The international community has also welcomed the end of the impasse.
“I am pleased to see that the political uncertainty which lasted for several months has been resolved by the Haitian parliament, and work can proceed,’’ Albert Ramdin, assistant secretary general of the Organization of American States, told reporters.
Conille said he wants to reassure both Haitians and the international community about his impoverished country as he works to carry out President Michel Martelly’s promises of free education for all and reconstructing after the quake.
“Right now, there is so much tension, so much skepticism over what we can achieve that people don’t even want to put in any effort,” Conille said.

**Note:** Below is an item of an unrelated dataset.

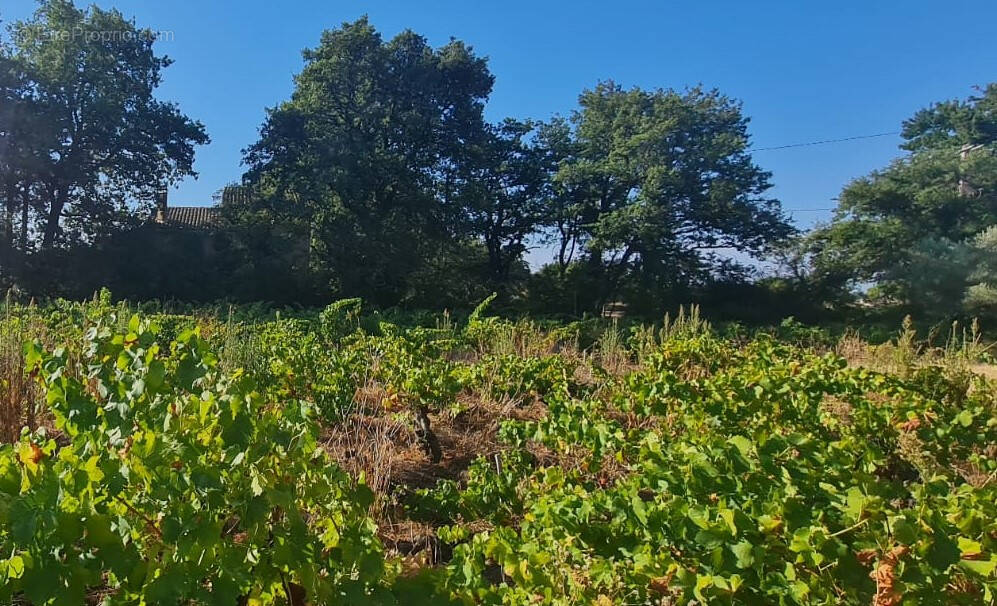 Terrain à SAINTE-CECILE-LES-VIGNES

Conille, a Fulbright Scholar, holds a master’s in health policy from the University of North Carolina at Chapel Hill and has years of development and humanitarian expertise with the United Nations.
Before Tuesday’s vote, he was the global body’s main man in the African nation of Niger where he has served as U.N. Development Program resident representative and humanitarian coordinator for the past three months.
He said all of that changed in late August after he received a call from Martelly.
“Michel Martelly looked me in the eye and told me ‘I need you to come and help me put these kids in school. I need you to come and help me with this whole camp situation. I just don’t know how to do it. I need you,’” Conille said. “How can you look the guy in the eye and say ‘It’s your problem, I’m going back to Niger.’ How do you do that?”
“It really was a fight with my family,” he added. “It was really tense, the hardest part of it was getting them to agree with it.”
And as he prepares for the next battle in forming a government and presenting parliament with his plan for the country, Conille said he’s not interested in bringing “a whole bunch of pre-set solutions to problems,’’ or stacking his government with a bunch of technocrats.
He said he wants honest and competent leaders.
“The reality is there is no secret in how you put children to school,’’ he said. “We know how to do it. There is no secret in how you create jobs, but some of the other countries have been able to get this common project and get everybody to get excited about it. I want to get everybody excited about what Haiti could be.”